As weird as it may seem at first, the primary economic problem right now is that the global economy looks like it is growing again. There is no doubt that it continues on an upturn, but the mere fact that whatever economic statistic has a positive sign in front of it ends up being classified as some variant of strong. That’s how this works in mainstream analysis, this absence of any sort of gradation where if it’s negative it’s bad (though in 2015 lots of negatives were shrugged off as immaterial so as to avoid any acknowledgement of bad) but if it’s positive it can only be good.
This is exactly how the US labor market is being treated. The headline payroll number was +228k for November, thus classified as “strong” when it is anything but. Using historical comparisons to properly calibrate our interpretations, +228k is significantly less than the average growth required to be reasonably consistent with a truly healthy economy. In fact, that level of growth is serious below where the labor market needs to be, meaning that next month there would have to be +400k in payrolls just for it to get back on track averaging +311k.
There’s absolutely no chance of that happening, which means something entirely different than “strong.”
So it is with other economic statistics around the rest of the world where actual growth levels are such a distant memory what is clearly far short of a minimal gain appears to be otherwise. China’s General Administration of Customs reports that the Chinese export of goods in November 2017 rose 12.3% year-over-year. That’s the highest rate of expansion since March.

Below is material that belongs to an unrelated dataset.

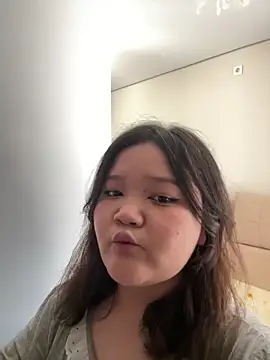 Lilit Akato online show from April 1, 9:10 am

Given that, and that the rate was double digits no less, the estimate is being characterized in the same way the US payroll figure is.
China reported strong growth Friday in both exports and imports in November in a reassuring sign for the world’s second-biggest economy.
Like the labor report, that just isn’t the case. From 2012 to 2014, as the global economy slowed significantly, impacting China’s export economy more than anywhere else, still export growth was frequently in double digits. In the 36 months between the start of 2012 and the end of 2014, Chinese exports grew by more than 10% thirteen times, including four in 2014 alone just before the drop into prolonged “unexpected” contraction.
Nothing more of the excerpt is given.